Rethink the way you measure and manage success. To transform legacy business models, it is usually necessary to adopt new performance metrics that can measure whether the organization is making progress in realizing the value of big data. Leaders should regularly review the impact of advanced analytics on the business’ key metrics. Use social and mobile technologies to create feedback loops with your teams, customers, and stakeholders. Use this data to measure the effectiveness of your efforts and to identify what’s getting in the way of your data transformation. Deb Henretta cites her experience at P&G: “Over time, the enterprise started seeing data as something that could help everyone to work faster and better. Big data began informing everything – from fast fixes for immediate problems to long-term strategic choices. Ingraining analytics into P&G Asia’s culture resulted in a transformation that drove top-line and bottom-line results for four consecutive years.”
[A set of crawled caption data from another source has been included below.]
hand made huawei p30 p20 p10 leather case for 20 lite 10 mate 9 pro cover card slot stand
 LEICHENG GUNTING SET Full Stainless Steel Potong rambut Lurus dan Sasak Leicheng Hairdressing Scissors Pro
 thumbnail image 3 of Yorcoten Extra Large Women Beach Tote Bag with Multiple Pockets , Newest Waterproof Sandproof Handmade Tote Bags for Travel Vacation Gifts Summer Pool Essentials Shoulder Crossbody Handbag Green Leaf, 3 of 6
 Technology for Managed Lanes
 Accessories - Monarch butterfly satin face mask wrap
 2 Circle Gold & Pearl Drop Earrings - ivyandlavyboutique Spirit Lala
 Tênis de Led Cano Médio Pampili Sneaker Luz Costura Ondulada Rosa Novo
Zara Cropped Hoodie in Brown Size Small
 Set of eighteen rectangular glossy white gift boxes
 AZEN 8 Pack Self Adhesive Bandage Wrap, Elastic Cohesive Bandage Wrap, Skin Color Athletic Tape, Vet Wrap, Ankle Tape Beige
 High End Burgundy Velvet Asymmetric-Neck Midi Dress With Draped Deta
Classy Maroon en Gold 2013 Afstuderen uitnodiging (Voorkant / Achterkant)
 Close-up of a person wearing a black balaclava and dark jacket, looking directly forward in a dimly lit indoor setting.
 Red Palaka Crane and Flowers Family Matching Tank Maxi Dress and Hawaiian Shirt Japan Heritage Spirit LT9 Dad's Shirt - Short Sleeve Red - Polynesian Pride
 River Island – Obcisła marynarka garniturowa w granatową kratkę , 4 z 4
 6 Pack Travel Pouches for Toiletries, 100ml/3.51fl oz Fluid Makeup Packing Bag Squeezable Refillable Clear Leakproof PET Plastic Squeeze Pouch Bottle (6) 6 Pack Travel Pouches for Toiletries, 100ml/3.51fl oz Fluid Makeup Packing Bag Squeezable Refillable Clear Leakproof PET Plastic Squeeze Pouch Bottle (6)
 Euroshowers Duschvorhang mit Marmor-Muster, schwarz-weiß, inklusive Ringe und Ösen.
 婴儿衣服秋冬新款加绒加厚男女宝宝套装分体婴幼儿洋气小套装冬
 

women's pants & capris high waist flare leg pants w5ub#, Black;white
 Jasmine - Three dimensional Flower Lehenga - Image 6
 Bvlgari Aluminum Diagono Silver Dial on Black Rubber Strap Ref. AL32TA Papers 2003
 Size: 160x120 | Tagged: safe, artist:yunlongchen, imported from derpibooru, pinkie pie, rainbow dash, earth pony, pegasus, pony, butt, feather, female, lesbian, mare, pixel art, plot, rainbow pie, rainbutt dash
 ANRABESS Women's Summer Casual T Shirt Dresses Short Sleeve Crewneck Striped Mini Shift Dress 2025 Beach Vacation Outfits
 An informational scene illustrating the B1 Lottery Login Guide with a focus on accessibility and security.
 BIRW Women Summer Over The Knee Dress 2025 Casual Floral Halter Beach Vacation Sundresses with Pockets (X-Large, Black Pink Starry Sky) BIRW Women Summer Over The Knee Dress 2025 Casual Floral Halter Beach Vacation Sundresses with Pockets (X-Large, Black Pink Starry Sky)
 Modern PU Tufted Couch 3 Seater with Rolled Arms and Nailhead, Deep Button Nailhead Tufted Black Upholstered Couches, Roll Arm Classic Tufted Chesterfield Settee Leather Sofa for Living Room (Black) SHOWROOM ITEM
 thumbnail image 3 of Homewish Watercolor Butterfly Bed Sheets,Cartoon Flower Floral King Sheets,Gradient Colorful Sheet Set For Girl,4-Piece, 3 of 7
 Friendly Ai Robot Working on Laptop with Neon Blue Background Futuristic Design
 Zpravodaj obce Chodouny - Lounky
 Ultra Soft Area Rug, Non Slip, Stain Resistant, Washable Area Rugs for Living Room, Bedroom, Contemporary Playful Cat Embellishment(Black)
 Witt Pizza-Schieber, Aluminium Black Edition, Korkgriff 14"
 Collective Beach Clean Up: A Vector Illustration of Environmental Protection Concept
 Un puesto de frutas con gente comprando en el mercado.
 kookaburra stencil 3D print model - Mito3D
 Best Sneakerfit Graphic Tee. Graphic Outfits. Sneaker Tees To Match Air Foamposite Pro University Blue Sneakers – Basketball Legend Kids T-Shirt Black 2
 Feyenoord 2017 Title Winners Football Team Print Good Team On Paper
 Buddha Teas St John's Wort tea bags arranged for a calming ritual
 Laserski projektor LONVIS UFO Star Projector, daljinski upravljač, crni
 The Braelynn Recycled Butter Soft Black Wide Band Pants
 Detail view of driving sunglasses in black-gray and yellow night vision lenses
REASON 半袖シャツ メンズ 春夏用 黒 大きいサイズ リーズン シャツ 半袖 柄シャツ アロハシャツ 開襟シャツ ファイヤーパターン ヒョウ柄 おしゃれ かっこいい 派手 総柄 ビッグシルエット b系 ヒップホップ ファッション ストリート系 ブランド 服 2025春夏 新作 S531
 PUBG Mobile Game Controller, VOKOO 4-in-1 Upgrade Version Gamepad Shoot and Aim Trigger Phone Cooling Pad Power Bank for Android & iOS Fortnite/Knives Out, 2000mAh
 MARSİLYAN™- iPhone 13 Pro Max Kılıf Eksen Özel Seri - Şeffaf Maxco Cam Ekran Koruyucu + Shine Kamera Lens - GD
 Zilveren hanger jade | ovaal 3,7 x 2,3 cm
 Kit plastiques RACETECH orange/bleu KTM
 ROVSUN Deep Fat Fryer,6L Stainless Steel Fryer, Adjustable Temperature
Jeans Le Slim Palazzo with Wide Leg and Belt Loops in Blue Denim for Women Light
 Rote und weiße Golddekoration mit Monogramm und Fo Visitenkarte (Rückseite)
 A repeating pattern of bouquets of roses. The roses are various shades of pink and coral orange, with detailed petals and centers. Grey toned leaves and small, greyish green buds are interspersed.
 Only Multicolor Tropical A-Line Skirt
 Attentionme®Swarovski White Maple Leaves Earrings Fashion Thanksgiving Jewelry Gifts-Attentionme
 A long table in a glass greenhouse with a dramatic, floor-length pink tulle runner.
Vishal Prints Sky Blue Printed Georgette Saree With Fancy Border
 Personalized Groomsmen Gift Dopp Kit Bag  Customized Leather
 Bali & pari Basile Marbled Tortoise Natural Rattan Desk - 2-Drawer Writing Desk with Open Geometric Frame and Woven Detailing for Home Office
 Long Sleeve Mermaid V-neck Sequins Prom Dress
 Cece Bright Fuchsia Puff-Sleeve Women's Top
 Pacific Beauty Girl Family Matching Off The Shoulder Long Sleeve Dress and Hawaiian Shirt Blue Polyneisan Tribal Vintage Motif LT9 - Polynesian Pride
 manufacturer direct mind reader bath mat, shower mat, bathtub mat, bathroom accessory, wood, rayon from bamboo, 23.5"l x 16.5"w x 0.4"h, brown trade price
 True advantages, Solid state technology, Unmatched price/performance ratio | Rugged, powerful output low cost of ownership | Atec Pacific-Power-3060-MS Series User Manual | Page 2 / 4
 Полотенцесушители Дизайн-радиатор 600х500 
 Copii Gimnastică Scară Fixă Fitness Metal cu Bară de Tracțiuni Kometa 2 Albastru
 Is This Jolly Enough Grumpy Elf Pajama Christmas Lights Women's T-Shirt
CEOs have an opportunity to use big data and advanced analytics to change how their companies operate, compete, and serve customers. To succeed, CEOs must be personally accountable for driving the big data shift and working it into the company’s DNA. Only then will big data drive big results.
David Niles is president of SSA & Company and G100 Companies, and Chairman of the Advisory Board of the Deming Center for Quality and Competitiveness at Columbia Business School.
Deb Henretta is former group president, Global e-Business, at the Procter & Gamble Company and serves as a senior advisor to SSA & Company.
Sandy Ogg is the Founder of CEO.works; former Operating Partner, The Blackstone Group L.P.; and former CHRO, Unilever.